According to U.S Treasury Spokeswomen beginning today, The U.S Treasury will not permit any dollar debt payments made from Russian government accounts to U.S financial institutions. If Russia cannot make due on their sovereign debt obligations, this would constitute a technical default.
Russia, despite sanctions, so far has been able to pay coupons for its $40 billion in international bonds. Wile Russia has the ability to pay their debt, the United States government is forcing a default.

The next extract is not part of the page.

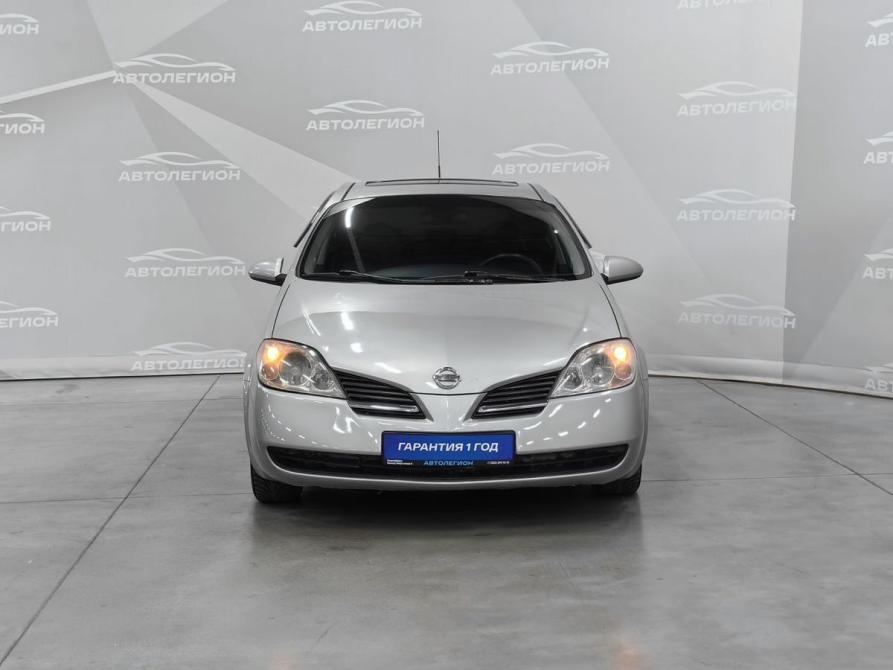 Nissan Primera III (P12) Новосибирск  - изображение 8
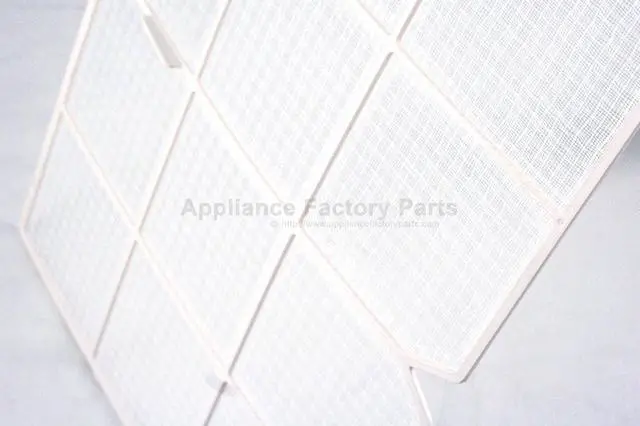 Alt view image 5 of 5 - Appliance Factory Parts 5231AR1152Z Air Filter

This would be Russia's first default in nearly two and half decades. Foreign defaults usually lead creditors to seize some physical assets from the defaulting country. In the case of Russia, who is already facing historic sanctions, may not have many more physical assets for creditors to seize outside of the country. The fact that they are a huge energy producer for Europe also poses some interesting dynamics. Some countries have self-imposed rules to not conduct trade with countries that have defaulted on their debt. It is unclear if this technical default would change anything for energy-starved Europe in deals for Russian oil/gas.
On the Russian front, their credit ratings would tank from this default and make future borrowing rates sky-rocket (if they have plans on re-entering global capital markets). This also extends to Russian companies. The contagion effect of a technical default is still uncertain.
As we've noted before, The United States forcing sanctions and now a default when Russia is willing to pay may create more reasons for other countries to exit dollar-based assets and liabilities, thus pushing them towards other currencies. Countries looking to diversify their reserves may be wise to stock up on non-sovereign, trust-minimized, censorship-resistant assets.